A Symposium for Young People’s Chorus and New Conductors

By ANTHONY TOMMASINI

Francisco J. Núñez knows a thing or two about directing children’s choirs. Last year, for his work as the founding artistic director of the Young People’s Chorus of New York City, which draws students from all backgrounds into high-level choral performances, Mr. Núñez was awarded a MacArthur Foundation Fellowship.

So it made sense for Carnegie Hall, through the Weill Music Institute, to collaborate with Mr. Núñez and the chorus in a new symposium to train choral conductors. The goal was to give 8 conductors selected from more than 50 applicants some intensive experience in performing challenging new choral music with student ensembles. New music has been a passion for Mr. Núñez through his chorus’s Transient Glory program. Since 2011 he has requested, encouraged, pleaded with and all but shaken down composers everywhere to write works for the Young People’s Chorus. There have been some 60 premieres so far.
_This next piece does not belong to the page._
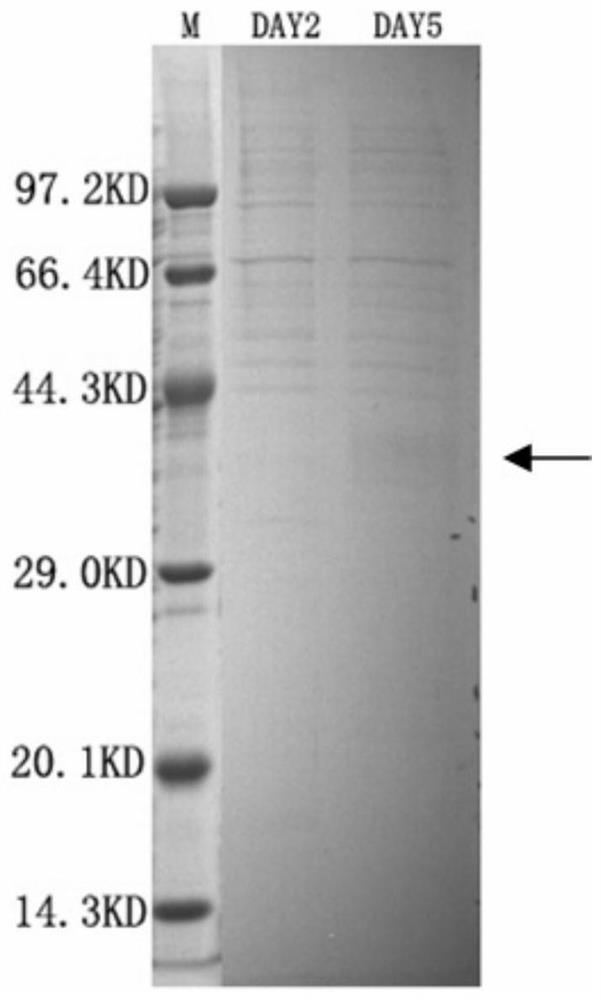 Kit for detecting endoplasmic reticulum membrane protein complex subunit 10 in human serum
Several more short works are being added to that tally through the symposium, a series of three varied programs at different halls that began with an exhilarating concert on Thursday night at Le Poisson Rouge. It featured music by Michael GordonDerek Bermel and Paquito D’Rivera.

In a way, the real work had already happened at three daylong rehearsal sessions. The conductor fellows worked with Mr. Núñez and eight associate conductors, who are all participating in the series, preparing the new works, along with some existing scores written for the chorus by these composers. By concert time on Thursday Mr. Núñez had simply to sit in the audience and listen to his eager, impressive young choristers.
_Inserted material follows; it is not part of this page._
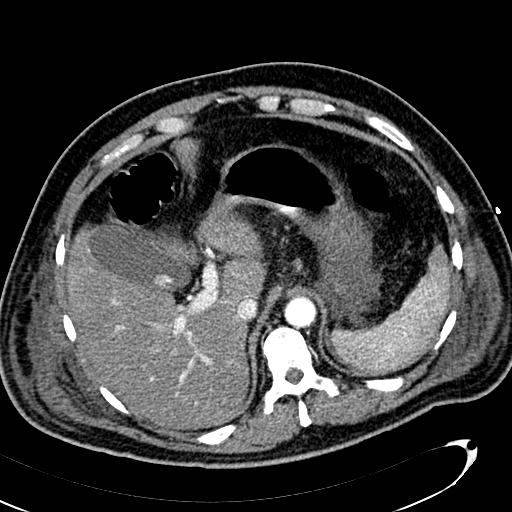 File:Acute pancreatic necrosis (Radiopaedia 13560-13486 Axial C+ portal venous phase 37).jpg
Each composer on this program, hosted by the WNYC radio announcer John Schaefer, was introduced with a chamber work. The evening began with Mr. Gordon’s “Potassium,” played by the dynamic JACK Quartet, a gritty, audacious piece in which the musicians play major and minor chords that slide up and down the strings, with the sounds put through a distortion unit, or fuzz box.

“Exalted,” performed next, was an emotional piece, Mr. Gordon explained, written after the death of his father. The text is the first four words of Kaddish, the mourning prayer from the Jewish liturgy. The chorus, conducted by Stephanie Mowery, gave a gripping performance of this piercing music, a fabric of modal scales, chanted phrases and wailing strings (the JACK Quartet).

By request, the new pieces were very short. Mr. Gordon’s playful “Cinnamon,” conducted by Philip Brunelle and accompanied by the pianist Jon Holden, is a charming, clever miniature, with patter phrases and singsong melodic lines. He submitted it without a text, so Mr. Núñez supplied the words, a list of cooking herbs and spices, including cinnamon, marjoram, rosemary, salt and pepper.

In the second segment, with Rebecca Lord conducting and Mr. Holden at the piano, the chorus performed “A Child’s War,” Mr. Bermel’s setting of three poems his father, Albert Bermel, wrote, recounting his experiences as a boy in London during World War II. The music mostly moves in pungent block chords that let the words come through clearly, sung here with robust sound and crisp diction. Mr. Bermel’s new piece was a rap, “YPChant,” done with sass and directed by Janet Galván.

A contingent of girls from the chorus sang Mr. D’Rivera’s “Tembandumba,” a coy, flirtatious, rhythmically bopping Spanish-text piece that has become a favorite with the singers, here conducted by Dominick DiOrio with percussion by Chris Thompson.

The concert ended with Elizabeth Núñez, one of the chorus’s regular conductors and Mr. Núñez’s wife, leading the premiere of Mr. D’Rivera’s “Un Minuto.” In the Spanish text for this breathless work the choristers complain that they have just a minute to sing the thing.